Anomaly Detection from Big and Complex Data
Collaborators: Prof. Shambhu Upadhyaya, Prof. Hung Ngo, Dr. Oliver Kennedy, Dr. Dimitrios Koutsonikolas (UB CSE), Prof. Raghav Rao (UTSA), Dr. Rohit Valecha (UTSA)
Funding: NSF SaTC (Insider Threat Detection), NSF SaTC (Rumor Propagation)
Insider Threat Detection - Exploiting Data Relationships to Detect Insider Attacks
Insider attacks present an extremely serious, pervasive and costly security problem under critical domains such as national defense and financial and banking sector. Accurate insider threat detection has proved to be a very challenging problem. This project explores detecting insider threats in a banking environment by analyzing database searches.
This research addresses the challenge by formulating and devising machine learning-based solutions to the insider attack problem on relational database management systems (RDBMS), which are ubiquitous and are highly susceptible to insider attacks. In particular, the research uses a new general model for database provenance, which captures both the data values accessed or modified by a user's activity and summarizes the computational path and the underlying relationship between those data values. The provenance model leads naturally to a way to model user activities by labeled hypergraph distributions and by a Markov network whose factors represent the data relationships. The key tradeoff being studied theoretically is between the expressivity and the complexity of the provenance model. The research results are validated and evaluated by intimately collaborating with a large financial institution to build a prototype insider threat detection engine operating on its existing operational RDBMS. In particular, with the help of the security team from the financial institution, the research team addresses database performance, learning scalability, and software tool development issues arising during the evaluation and deployment of the system.
Understanding Rumor Propagation in Social Networks
One prominent threat action (attack vector) in social cyber-attacks is the use of rumors. We are developing methods that integrate social science and computer science methods and new analysis techniques to process large-scale tweet data for detection and alerting of rumors. One of the key component of such research is the availability of a testbed for validating methods. In the context of social media, this requires a realistic network structure and models for simulating the spread of information, including rumors. We have developed statistical generative models for graphs that are able to capture the properties of graphs/networks that occur in real world [IEEE BigData, 2015].
While in the past, focus was on generating graphs which follow general laws, such as the power law for degree distribution, current models have the ability to learn from observed graphs and generate synthetic approximations. The primary emphasis of existing models has been to closely match different properties of a single observed graph. Such models, though stochastic, tend to generate samples which do not have significant variance in terms of the various graph properties. We argue that in many cases real graphs are part of a population (e.g., networks sampled at various time points, social networks for individual schools, healthcare networks for different geographic regions, etc.).
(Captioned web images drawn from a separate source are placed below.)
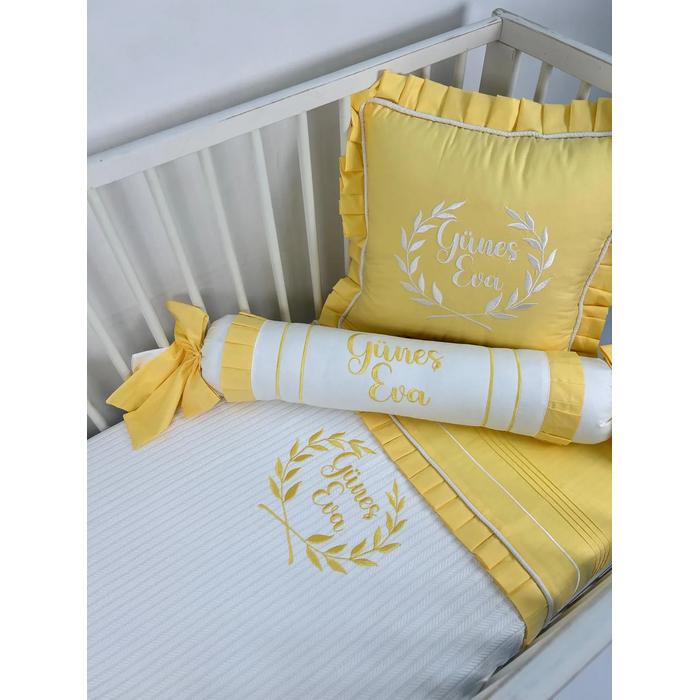 Pike takımı 5 parça beyaz örgü pike - sarı poplin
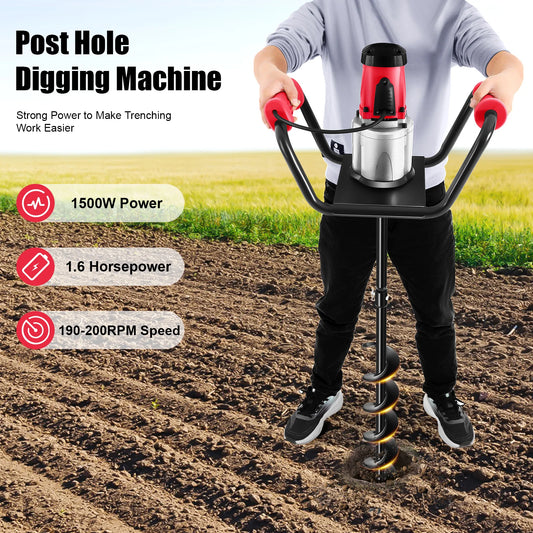 1.6HP Post Hole Digger – Powerful Soil Drill with Auger & Extension Rod for Fences, Trees, Shrubs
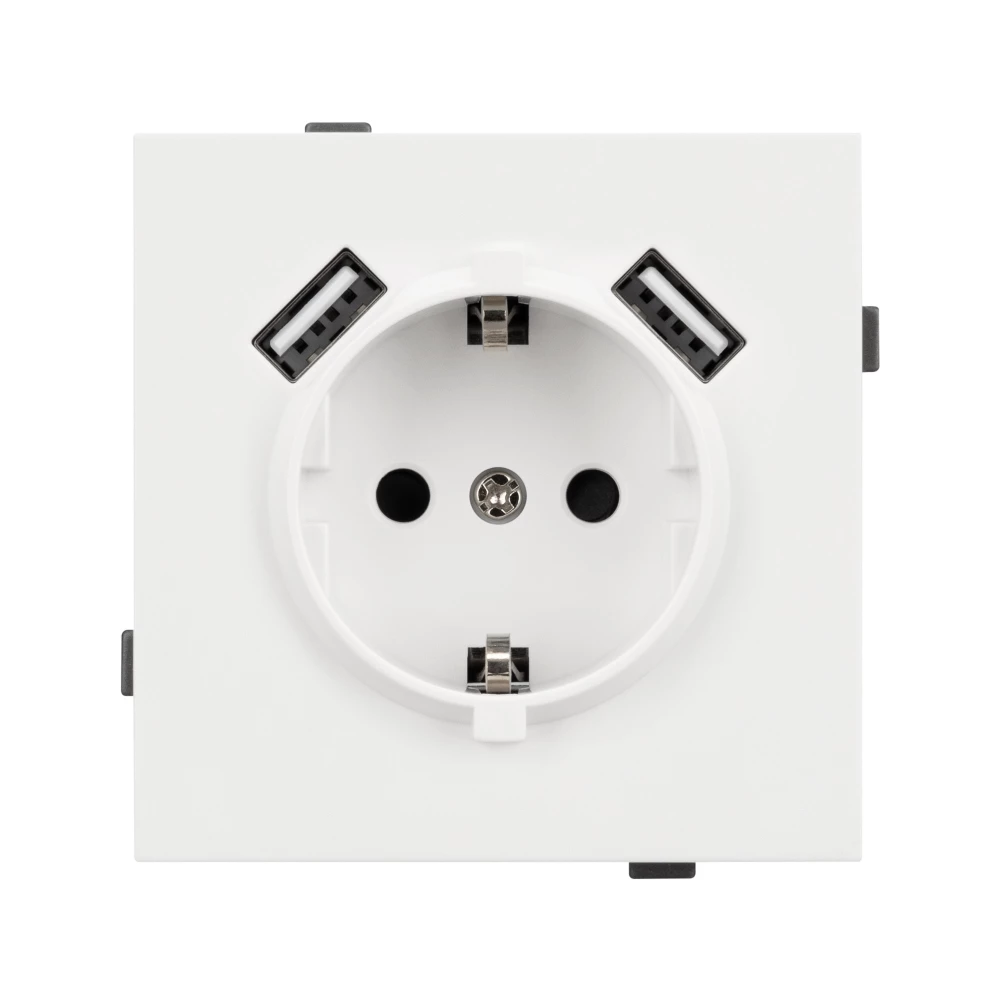 Механизм розетки с USB зарядкой SCT-TENDO-MUAA-SFPL-WH (230V, 16A) (Arlight, Матовый белый) 054606 - Viokon.com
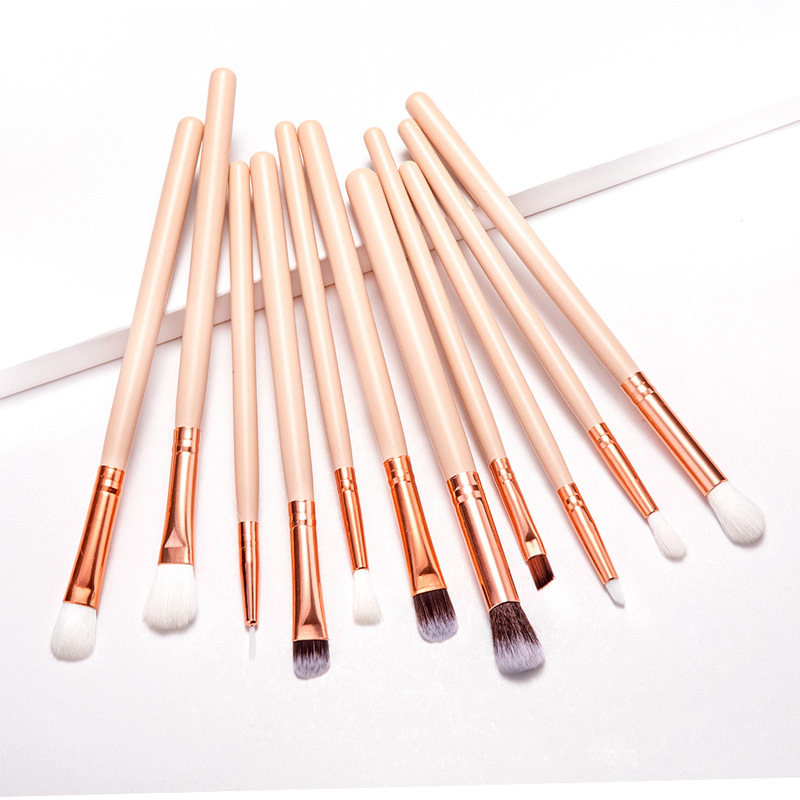 12 eye shadow brushes, makeup brushes, rose golden eye brush sets, beauty tools.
Graphs in a population exhibit variance. However, existing models are not designed to model this variance, which could lead to issues such as overfitting. We propose a graph generative model that focuses on matching the properties of real graphs and the natural variance expected for the corresponding population. The proposed model adopts a mixture-model strategy to expand the expressiveness of Kronecker product based graph models (KPGM), while building upon the two strengths of KPGM, viz., ability to model several key properties of graphs and to scale to massive graph sizes using its elegant fractal growth based formulation. The proposed model, called x-Kronecker Product Graph Model, or xKPGM, allows scalable learning from observed graphs and generates samples that match the mean and variance of several salient graph properties.